The first thing you need to realize about snooping is that you’ll eventually have to own up to it. Even if you found something to be angry about, you still need to admit to yourself that you invaded his personal space and broke his trust. So before you confront him about what you may or may not have found, you’ll need to explain the source of that information. And the truth is, even if you decide to hold on to that information, it will definitely come up some day, either as an unconscious statement or in the heat of an argument. Either way, in whatever scenario you conjure, keeping the fact that you snooped away from your boyfriend never ends in your favor.
Now while you’re revealing the fact that you snooped to him, make sure you have the conversation under control. If you indeed found something, there is the tendency that he will turn the argument around and have you looking like an insecure mess. Do not let that happen. Do not let your action be used as an excuse to treat you badly. Redirect the conversation to the issue and if apologies are necessary, make sure that you get them without coming off as aggressive or manipulative.
Also, if you have questions that need to be answered, make sure you get those answers. He already knows you snooped, he’s going to have negative feelings about that anyway so you might as well get some clarification while you’re at it. Ask him for the truth and then you can decide what to do with the information you get in that moment.

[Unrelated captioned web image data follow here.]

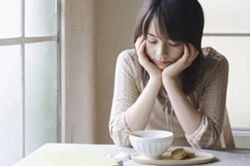 Thuốc hay trị chứng tỳ khí hư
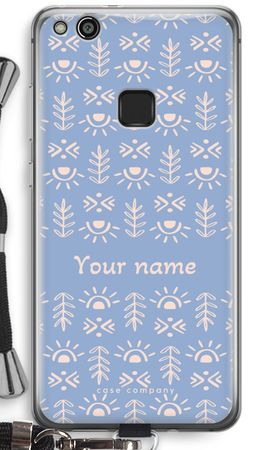 Namecase 1 - Coastel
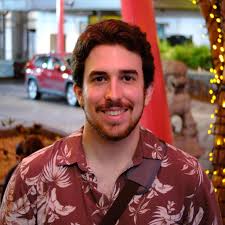 Hi , I've purchased a pocket 3 to use to make content & some of that  content will be interviews but I can't seem to get the internal audio & mic  to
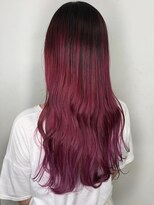 ソース 枚方(SOURCE)&nbsp;【SOURCE】ヴァンパイアレッド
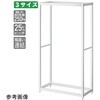 61-796-90-1 TR W75cm zCg 61-796V[Y XgAEGLXvX 55237746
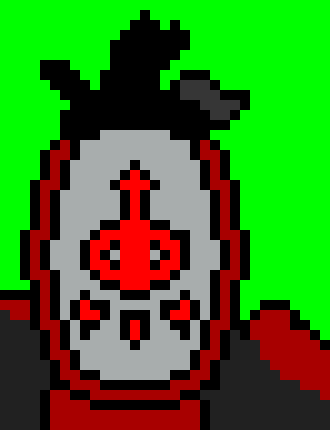 [7b40c8] Just please quit saying the F word out loud in every sentence.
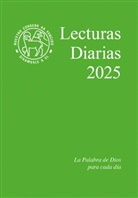 Herrnhuter Brüdergemeine - Lecturas Diarias 2025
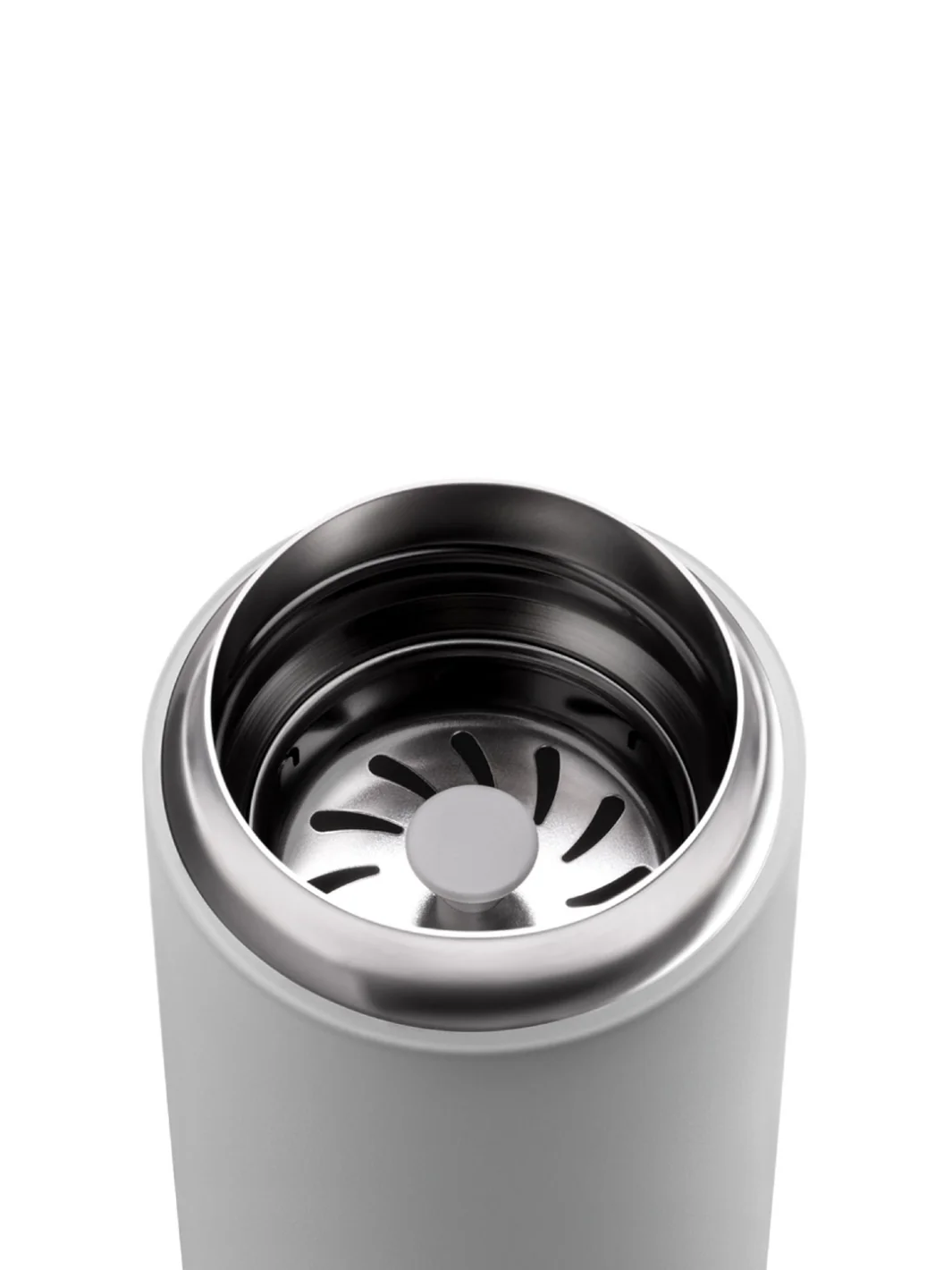 FELLOW Carter Move Mug (355ml/12oz) - Image 14
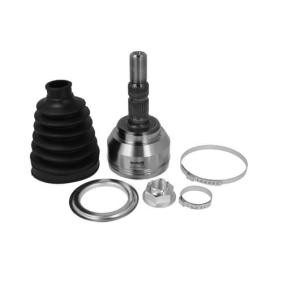 Osta Nivelsarja, vetoakseli CIFAM:llä 607-812 edullisesti hintaan 73,83 €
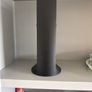 Nespresso capsule holder Image 2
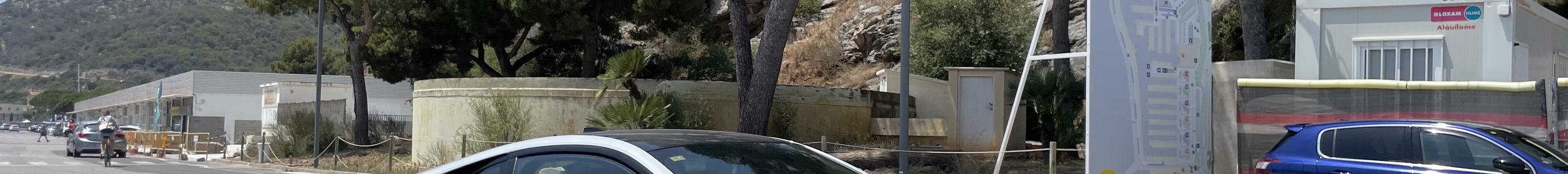 BMW i8 2018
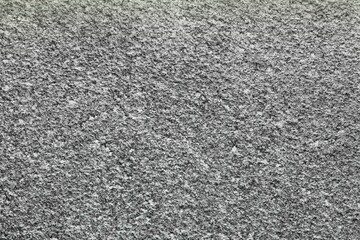 striped plaster with cracked paint texture - fantastic abstract photo background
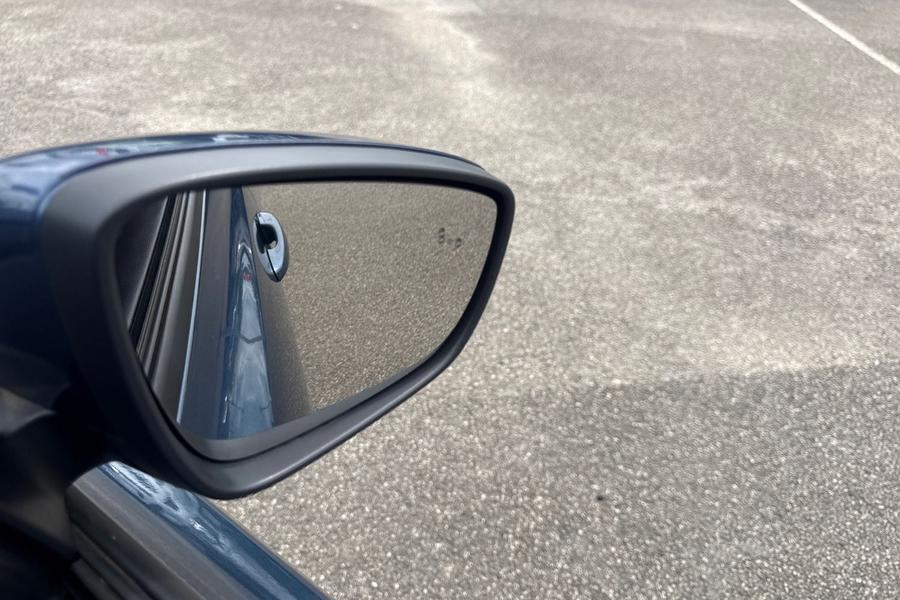 Ford Focus Photo autoimg-f4eb89bf90c145da2727e6ae9adb716be6ebc64e.jpg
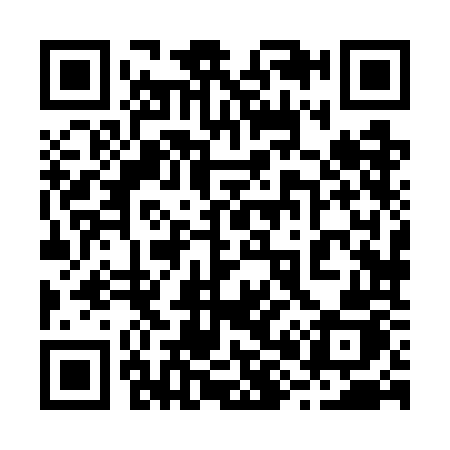 QR code for 2887OJ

Finally, you have to reassure him that you had good intentions. At this point, there’s no need to lie about stumbling on his phone or coincidentally finding the note while doing the laundry. You have nothing to gain from playing mind games. Make him understand that you understand his anger or disappointment (whichever he may be feeling at the time) and that it won’t happen again. Whether he forgives you or not is up to him, (chances are that if you love each other, you can work it out) but at least you’ll not be investing your emotions and time on a relationship founded on lies and deceit. You may also need to ask yourself why you felt the need to go snooping through his stuff. If there are signs that you’re intentionally ignoring, it may be time to take a step back and evaluate what you really want from your relationship.